Tomemos el caso de Uber. La idea inicial era que cualquier persona con un coche pudiera trabajar unas horas y complementar sus ingresos. Pero ahora, la mayoría de los conductores trabajan largas jornadas, enfrentando condiciones laborales que a menudo son precarias, sin prestaciones ni protecciones básicas. Los autos ya no son vehículos personales que se comparten ocasionalmente, sino herramientas de trabajo de uso intensivo. Uber dejó de ser una plataforma para aprovechar el tiempo libre y se convirtió en una fuerza laboral informal, donde los conductores dependen de la plataforma para subsistir. La promesa de la economía colaborativa, en este caso, se desintegró bajo el peso del capital.

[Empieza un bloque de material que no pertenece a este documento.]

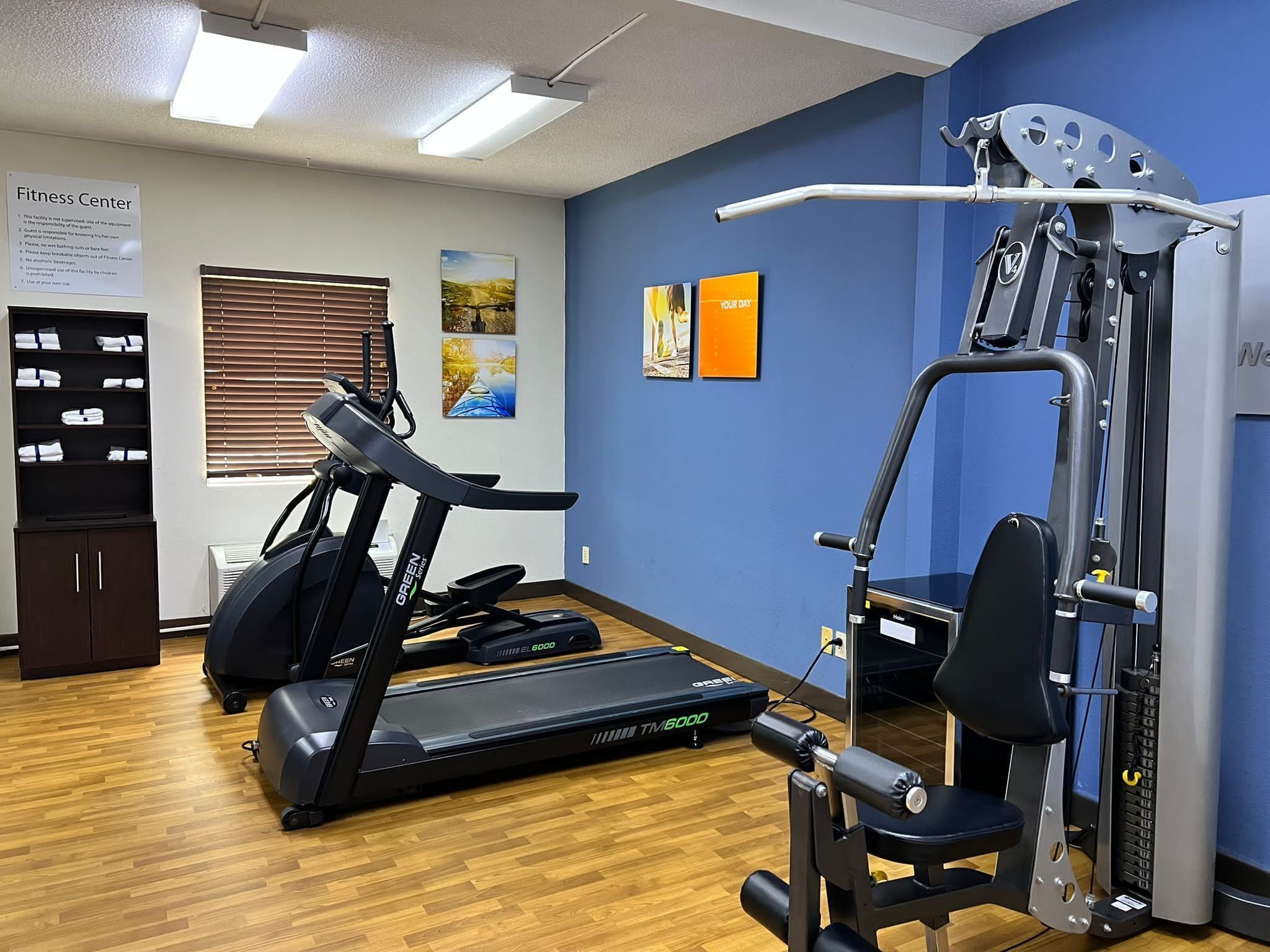 A fitness center with treadmills, a weight machine, and a wall with motivational posters.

El impacto de Airbnb ha sido igualmente transformador, pero en muchos sentidos destructivo. Originalmente, la idea de alquilar una habitación libre en casa ofrecía una alternativa económica tanto para los anfitriones como para los viajeros. Pero hoy, en muchas ciudades del mundo, Airbnb ha dejado de ser sobre compartir habitaciones y ha impulsado la gentrificación y el aumento de los precios de alquileres.

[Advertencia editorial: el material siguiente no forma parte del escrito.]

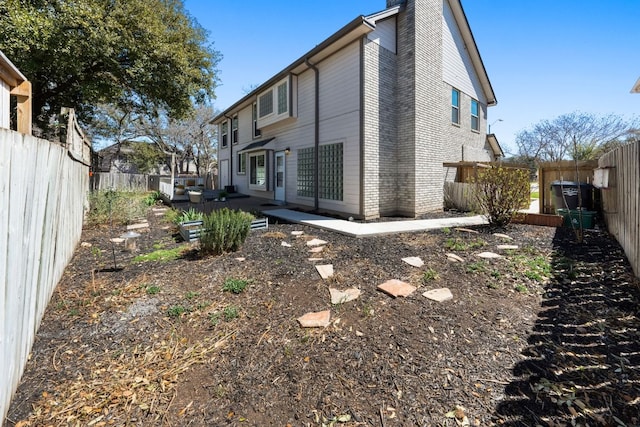 back of house with brick siding, a patio area, a chimney, and a fenced backyard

Personas con mayor capital han transformado apartamentos y casas enteras en negocios de renta a corto plazo, lo que ha sacado del mercado tradicional a los arrendatarios locales. Como resultado, ciudades como Barcelona, Ámsterdam o Ciudad de México están lidiando con una crisis de vivienda, donde los residentes ya no pueden pagar los alquileres, mientras los turistas ocupan la mayor parte de los espacios disponibles.
De ser una idea comunitaria y colaborativa, estas plataformas se han convertido en herramientas de explotación tanto de trabajadores como de inquilinos. El capital encontró en la economía colaborativa una mina de oro, pero a costa de destruir los beneficios originales que se suponía debían traer. Estamos ante una economía que ya no colabora; ahora explota.

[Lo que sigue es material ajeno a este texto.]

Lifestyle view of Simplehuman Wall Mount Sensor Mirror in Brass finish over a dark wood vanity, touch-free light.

Un fenómeno parecido ocurrió con el concepto de ride-sharing. Lo que se anunciaba como una solución para reducir el uso de automóviles privados y disminuir las emisiones de carbono, se ha convertido en todo lo contrario. Uber, en lugar de reducir el tráfico, ha incrementado el número de autos circulando en las ciudades, con impactos negativos en el medio ambiente. Lo mismo pasa con Airbnb: al hacer más accesibles los viajes, ha fomentado una industria turística que en muchos casos agota los recursos locales y desplaza a las comunidades.
En lugar de debatir cómo estas plataformas pueden mejorar nuestras vidas, hoy discutimos cómo hacer para que no las empeoren. Las ciudades están intentando regular Airbnb, imponiendo límites al número de días que una propiedad puede estar en alquiler, mientras que los conductores de Uber en varias partes del mundo exigen derechos laborales básicos. Como el mito de Ícaro, el vuelo hacia el sol ha sido corto, y la caída parece inevitable si no ajustamos el rumbo.
¿Qué nos queda entonces de la promesa de la economía colaborativa? Quizá aún haya esperanza si logramos encontrar un equilibrio entre el espíritu original de compartir y colaborar, y los mecanismos para evitar que el capital transforme lo que debería ser un bien común en una fuente de explotación. Pero para eso, será necesario que las regulaciones sean claras, justas y que, al final del día, las personas vuelvan a ser el centro de estas plataformas, no el capital.